Exceptuando por una parte los sainetes, bailes, fines de fiesta, etc., es decir el género calificado con frecuencia de «menor», no concernido por la prohibición, y tratando por otra de salvar mal que bien la dificultad nacida de la escasa documentación relativa a algunos «años negros», se puede calcular en unas 1570 las comedias, tragedias, «piezas», obras líricas y «dramas» representados de 1708 hasta finales de 1800 -año de la aparición, en diciembre, del tomo primero del Teatro Nuevo Español-, y en 1670, cien más, las puestas en cartel desde la misma fecha inicial hasta 1802 inclusive -que es adonde llega la Lista de 1803-, en los   —361→   dos (y al concluir el período, tres) teatros públicos madrileños.16 A primera vista, pues, los 614 y 775 títulos de obras recogidas en esas respectivas publicaciones suponen un porcentaje verdaderamente asombroso, y parecen justificar ciertos aspavientos de indignación, sin que valga en este caso lo de la paja y la viga: ¡un 39 y un 46 por ciento! ¡Vaya paja en efecto!

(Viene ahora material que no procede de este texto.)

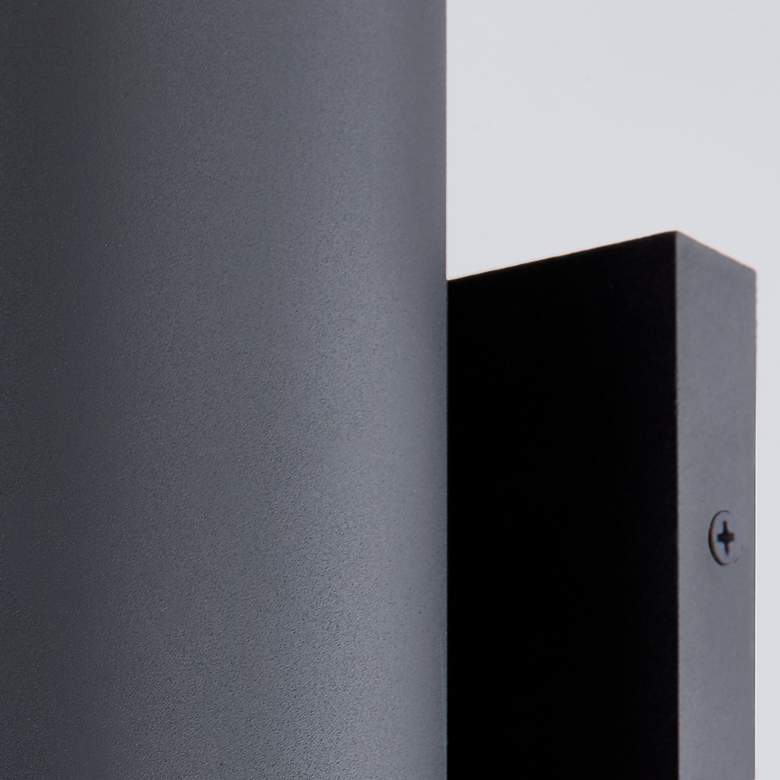 Image 4 Perry 9" High Texture Black Outdoor Wall Light more views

Sin embargo, como se ha advertido ya, entre las obras recogidas figuran primero, y no es poco, los autos sacramentales y las comedias de santos y Escritura comprendidas en la Real Orden de 1765, y, por lo mismo, no repuestas desde entonces; en el citado inventario de Ramos, que es el único que nos queda, son ya 22 autos,17 y más de 130 comedias (110 en la primera lista, otras 20 en el legajo último de la de 1803);18 de la cuarentena de piezas de tema profano pertenecientes a la misma compañía que también se hallaron en la Contaduría, se recogieron 23; pero lo más importante es que éstas, en su inmensa mayoría, por no decir totalidad, eran, como las anteriores, antiguas o no se habían repuesto desde hacía años o, más bien, decenios: 20 de ellas llevaban de 18 a 78 temporadas sin representar; El parecido en la corte, repuesta en cambio regularmente hasta entonces, logró el indulto en 1800 aunque no en 1803; y también cayó la inmortal Marta, aún tan «revoluntina» como en 1716, pues alcanzó por su parte el año de 1796; solamente una «nueva», recién estrenada (1798), La esclava del Negroponto,19 compartió la triste suerte de aquéllas.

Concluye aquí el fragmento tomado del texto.